Picasso reportedly once said good artists copy, great artists steal.
You may feel pressured to always come up with a unique idea for your business, especially if you're in the marketing space, but your ideas won't always be original, and that’s A-OK.
It's a good idea to learn from other great email marketing examples out there and implement some of those techniques in your own strategy.
Here are some of our favourite companies you can get email marketing inspiration from:
Threadless is a creative clothing retailer based in Chicago.
The first thing that stands out in the Threadless opt-in form is the simplicity of the form and how they focus on the most important thing - the customer's email address.
When running a campaign, you should not bother with other details like location and gender right away. If you're asking for two entries, a name and an email address is enough.
Yes, you may need the other details to segment your list but the important thing is getting people in the list, and single input opt-ins make that happen.

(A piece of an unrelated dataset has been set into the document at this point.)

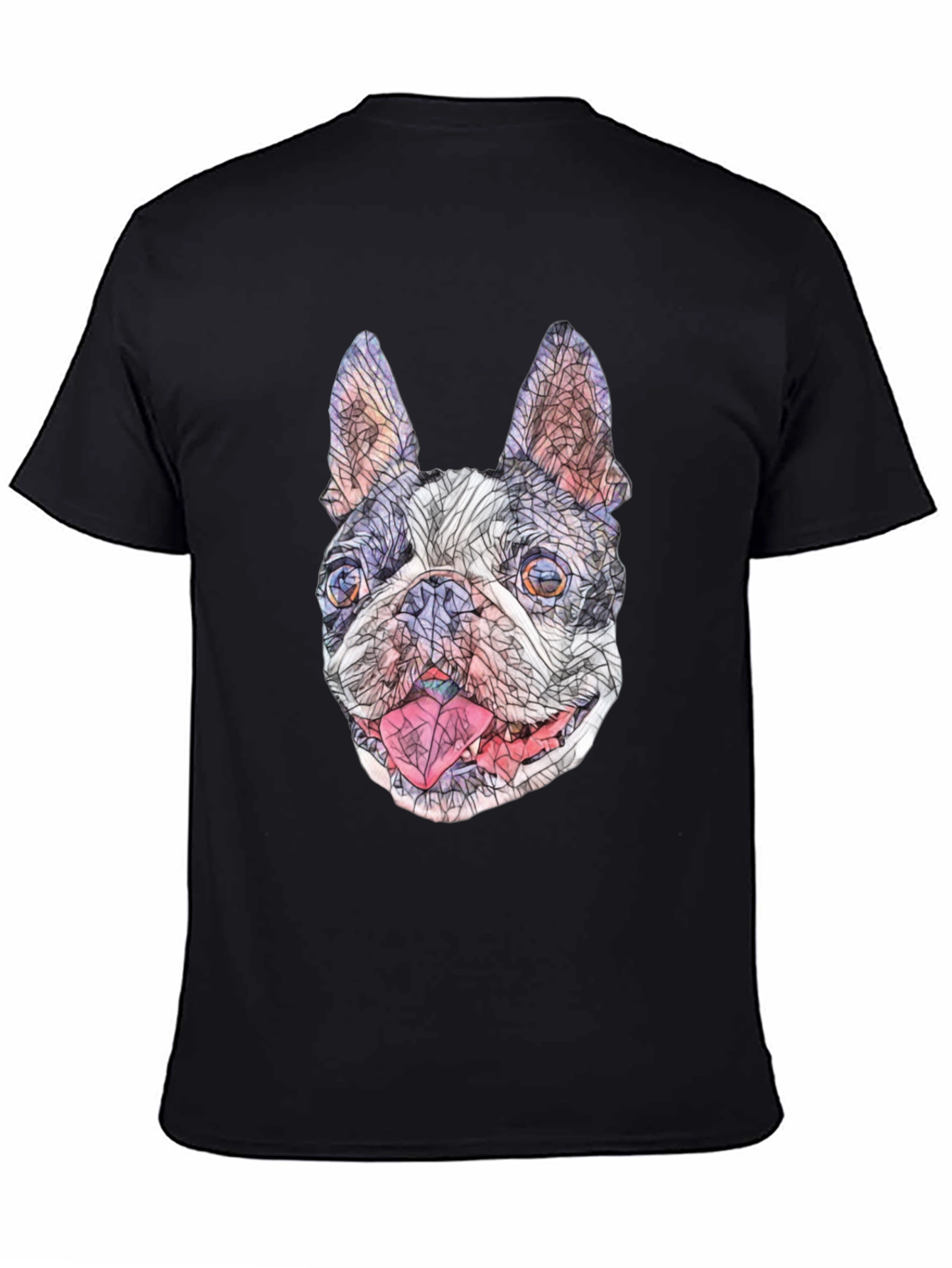 Geometric French Bulldog Graphic T-Shirt - Black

Once you have them in your list, you can then ask for the other details to segment your list and Threadless does this well.
Another thing you'll notice once you're in is how words are used to provide benefits rather than issue commands.
“GET BETTER EMAILS” is used in place of the boring “UPDATE YOUR EMAIL PREFERENCES.” Sounds better, right?
You can add great email marketing to the 1001 things you already know the e-commerce giant is good at.
Here's an example of Amazon using an email to drive engagement:
Amazon, through Associates, is trying to help its affiliates solve the one problem that's common to all of them; content idea generation.
That's what the plan looks like for March and if many of them find these topics interesting, it means more content that will provide referral traffic to Amazon.
You can implement this tactic in your business by looking for areas where an action taken by a partner will improve sales and motivate them to take that action.
How many companies fail to provide direction in their welcome emails? Too many to count, right?
Trello, the project management application has one of the best welcome notes out there.
They don't assume you know your way around. Instead, you're taken from the first step to the next on the different things you can do with your Trello account.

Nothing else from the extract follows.